Hace cuatro años que compartimos nuestras vidas y, así como me he tomado el tiempo que me sobra para estudiarlo y reconocer el origen de sus acciones, la posición de cada una de sus orejas —que actúan una con independencia de la otra—, las variantes de su voz o el ángulo de su cola, sospecho que él —que no mide el tiempo, inconsciente y despreocupado, en suma, feliz— ha hecho lo mismo conmigo. A qué otro motivo puede responder, si no, el encrespamiento del pelo, los labios superiores recogidos, el hocico arrugado y los ojos vidriosos y enrojecidos, a los que agrega la alerta sonora que es casi un rugido, con la boca entrecerrada, en tensión, ante un auto con vidrios oscuros o peor —lo que sería una prueba de discriminación de mi parte, ya que sus reacciones, aunque animales, replican las mías, humanas, suavizadas, temerosas—, su furia frente a los dos pibes, de gorra, championes luminosos, echados sobre un escalón, alojados en las islas de la oscuridad de la cuadra, donde comparten la botella de plástico rellenada y no aspiran a nada, todos de la misma pipa. Todo esto aprendió Toro —que no reacciona ante su miedo o el ajeno, sino ante su desconfianza, que es la mía— y es lo que replica cuando abro el portón y escapa, atropellando el ingreso de Susana, que con un ojo inspecciona cada escalón donde apoya sus tacos, y con el otro explora mi guarida, que nunca le interesó franquear.

—Ah, pero esto está muy bien.

Su rostro muda de la preocupación a la sorpresa y a una deriva ligera, que respondo en consecuencia, apenas unos segundos de distracción de un estado de intranquilidad, en que sospecho que el control se me escapa y recuerdo que siempre fui un ajedrecista torpe, incapaz de adelantarme más que a un par de jugadas.

—Si te gusta tanto, te lo cambio por el penthouse. Con la única condición de que admitan perros.

—Basta, José. ¿Cuánto hace que estás durmiendo?
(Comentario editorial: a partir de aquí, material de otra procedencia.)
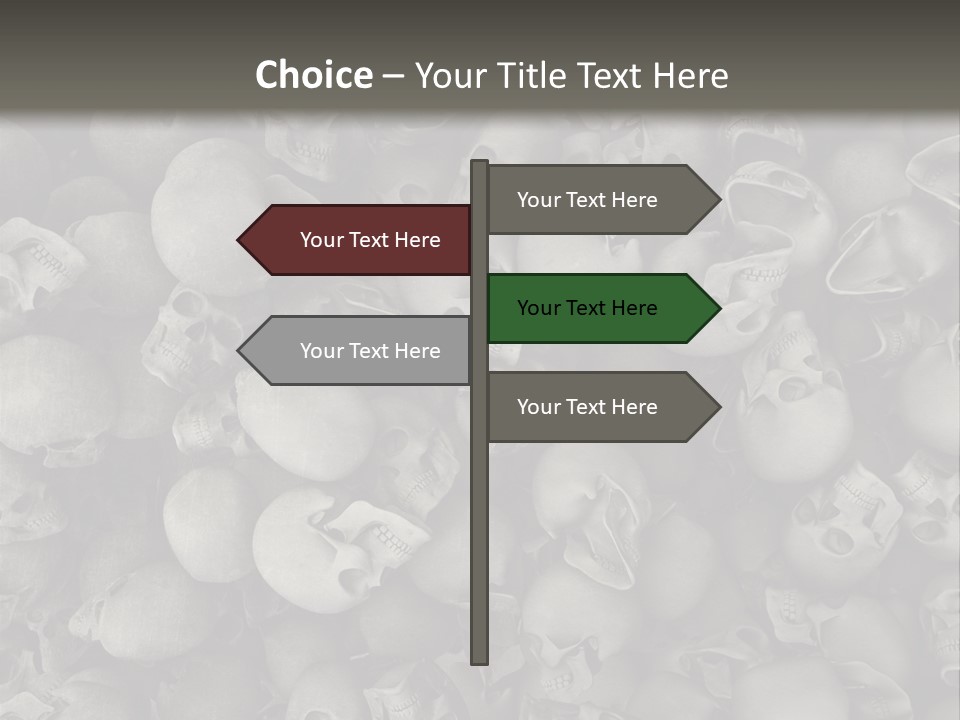 Head Creepy Scary PowerPoint Template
—¿Metafóricamente? Una vida. Sorry, no sé. Desde anoche, tarde.

—¿No sabés nada, entonces?

—Filosóficamente…

—Basta, José.

—Entonces dejate de preguntas tontas y decime qué hacés acá, a esta hora, en un auto oficial que sigue prendido, ¿eso quiere decir que ya te vas?, y ronronea como si estuviese a punto de largar no sé qué carrera. Tengo tantas preguntas, que prefiero no hacer ninguna y escucharte.

Toro ya se cansó de repartir amenazas, recibir también su cuota de puteadas, y sus rezongos van mudando en jolgorio, cada vez más lejanos. Susana intenta hacerse un hueco en el sofá, corriendo frazadas, cenicero, pasando la mano con cierto asquete sobre el tapizado bordado de pelos color té con leche, mientras yo la veo de rebote, atrás de la imagen que intento recomponer frente al espejo. Prendemos, ambos, cada cual por su cuenta, un cigarro.

—Se fue todo a la mierda, José. Me llamó Zapatero.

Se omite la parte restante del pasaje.